On March 3, Berta Caceres, a prominent indigenous and environmental activist, was murdered in her home in La Esperanza, Intibuca, in the mountains of Honduras. Caceres was a campaigner for the rights of her native people, the Lenca, and a staunch opponent of one of Central America’s biggest dam projects. Her shocking murder was but the first recent example of the growing threat to human rights activists across Latin America. Less than two weeks after Caceres’ assassination, her fellow activist Nelson Garcia was murdered during a community eviction in the village of Rio Chiquito in northern Honduras. The next day, Guatemalan environmental activist Walter Mendez Barrios was murdered. Mendez, a member of the Association of Forest Communities of Peten, had been an opponent of hydroelectric dam projects along the Usumacinta River in northwestern Guatemala.

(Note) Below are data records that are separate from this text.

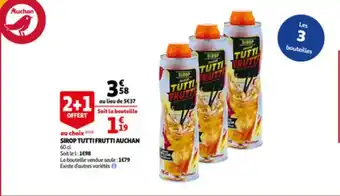 Auchan Sirop tuttifrutti auchan 60cl aanbieding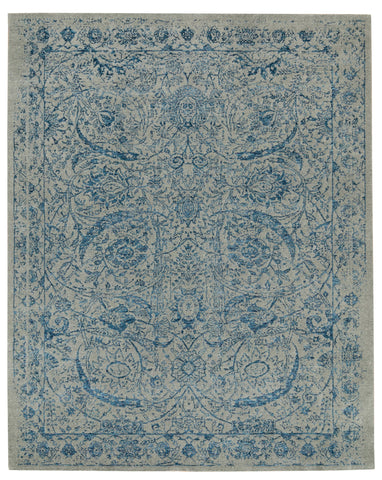 24622- Royal Vasighi Hand-Knotted/Handmade Indian Rug/Carpet Modern Authentic / Size: 11'8" x 8'9"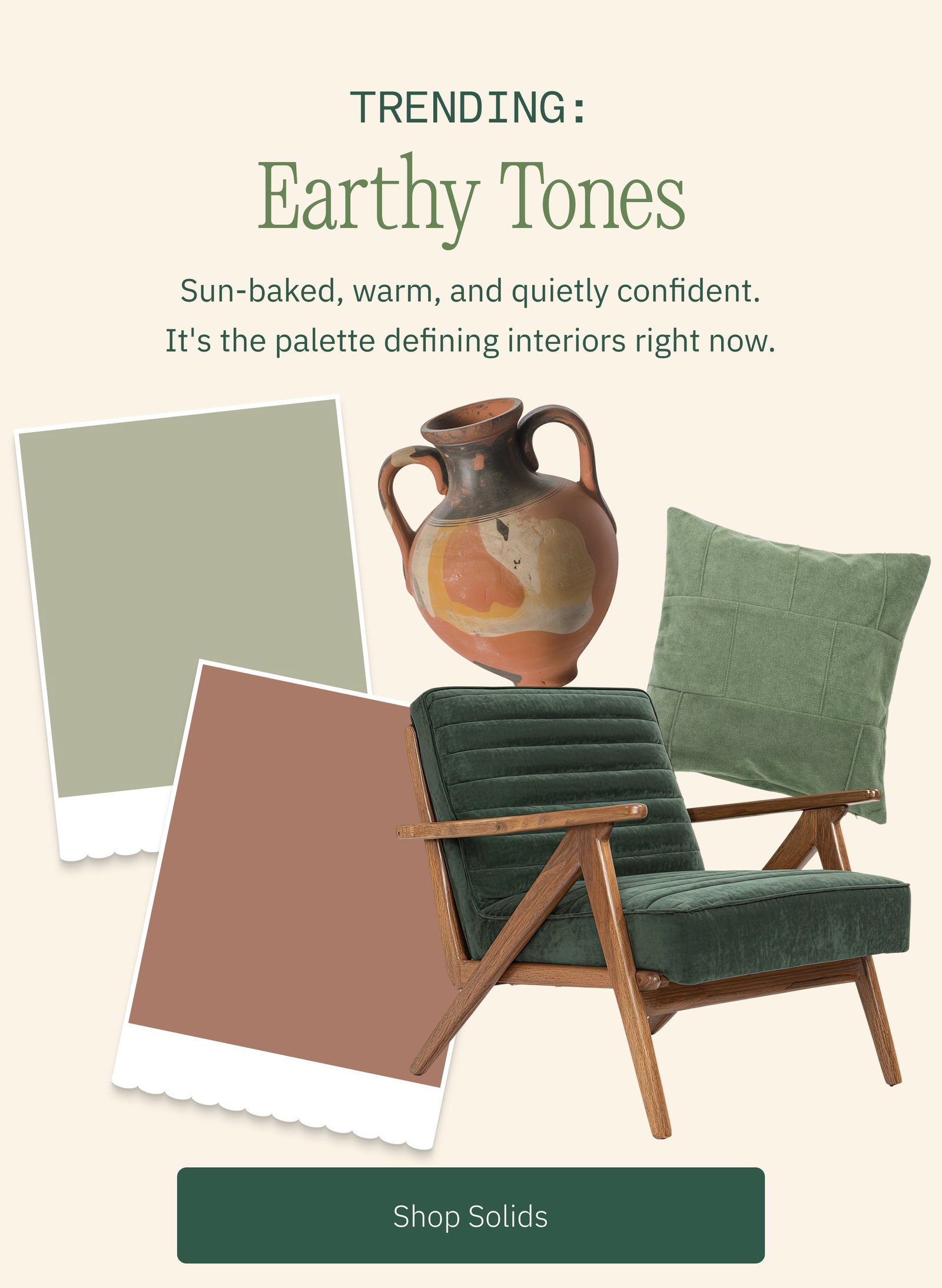 LINK Trending: Earthy Tones Sun-baked, warm, and quietly confident. It's the palette defining interiors right now. Shop Solids
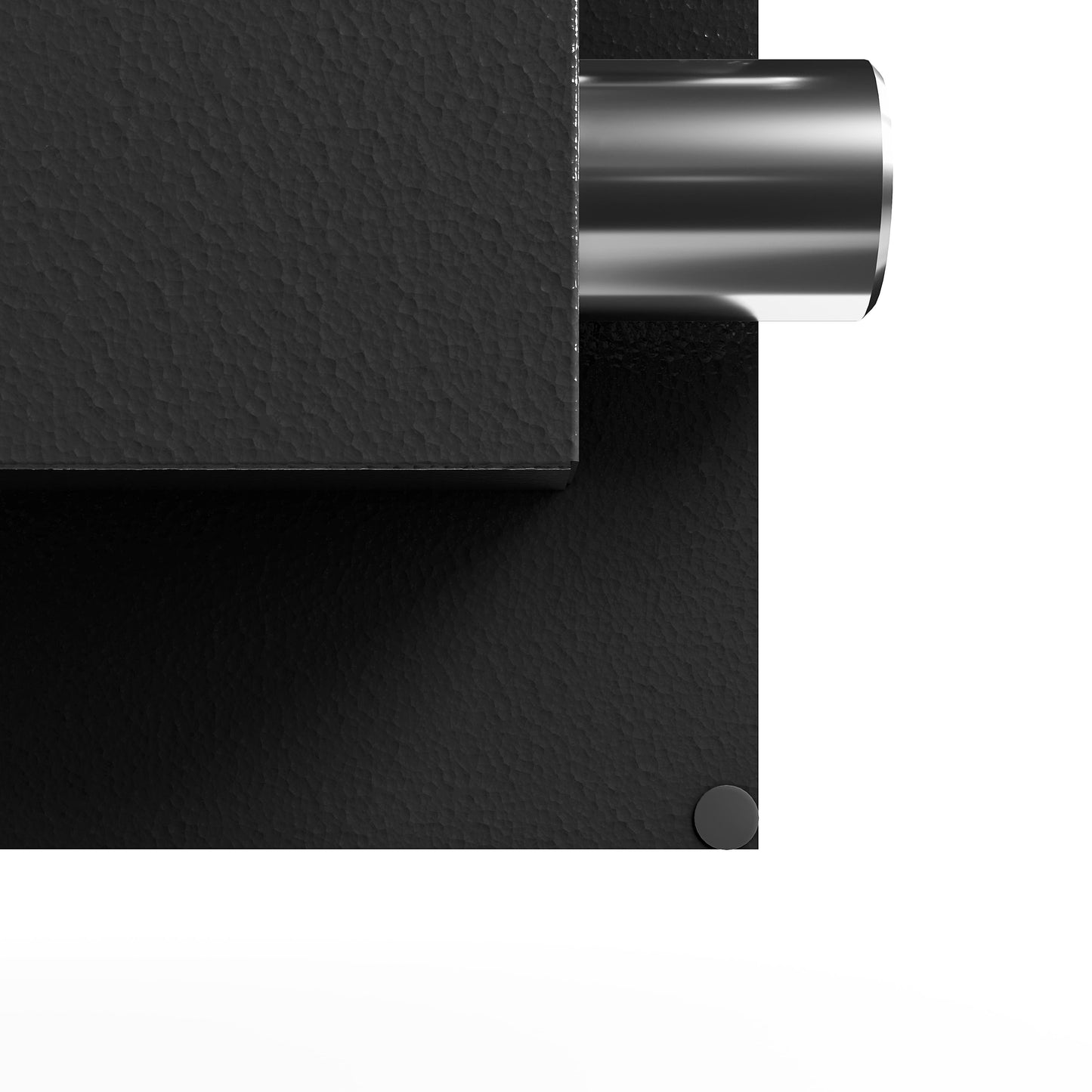 Steel Security Safe And Lock Box With Electronic Keypad - Secure Cash, Jewelry, ID Documents, Black,1.16 Cubic Feet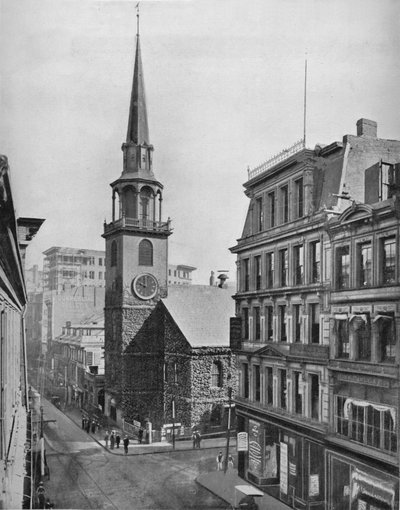 Igreja do Sul Velha, Boston, c1897. de Unbekannt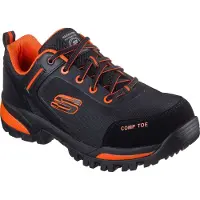 SKECHERS heren veiligheidsschoen GATLON - STRIGAX H, modelnummer 200188EC BKOR, kleur zwart/oranje, schoenmaat: 45 EU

Their deaths came after a bit of good news for human rights defenders in the region. In February, police in El Salvador arrested four former military officers in connection with one of the most notorious atrocities of the country’s 12-year civil war: the 1989 murders of six Jesuits, their housekeeper and her 15-year-old daughter at the University of Central America in San Salvador. The officers were arrested under a Spanish arrest warrant—five of the six Jesuits were Spanish—seeking their extradition, which was originally issued in May 2011. The fate of the arrested officers, as well as another 12 missing officers named in the warrant, is currently pending before the Salvadoran Supreme Court. A U.S. judge in February also approved the extradition of Inocente Orlando Montano Morales, a former Salvadoran colonel, in connection with the killings.
Meanwhile, in Guatemala, a court on Feb. 26 handed down a landmark decision convicting two army officers of sexual slavery and sexual violence against indigenous women in the town of Sepur Zarco during the country’s 36-year civil war. The two defendants were sentenced to a total of 360 years and ordered to pay $1 million in compensation. It was the first time ever, anywhere in the world, that a case regarding sexual slavery committed during an armed conflict was prosecuted in the country where it took place, rather than in an international tribunal. As the defendants prepare their appeal, only time will tell whether the verdict will be upheld or overturned, as was the case in the 2013 genocide trial of Guatemala's former military ruler, Efrain Rios Montt. His retrial resumed last week.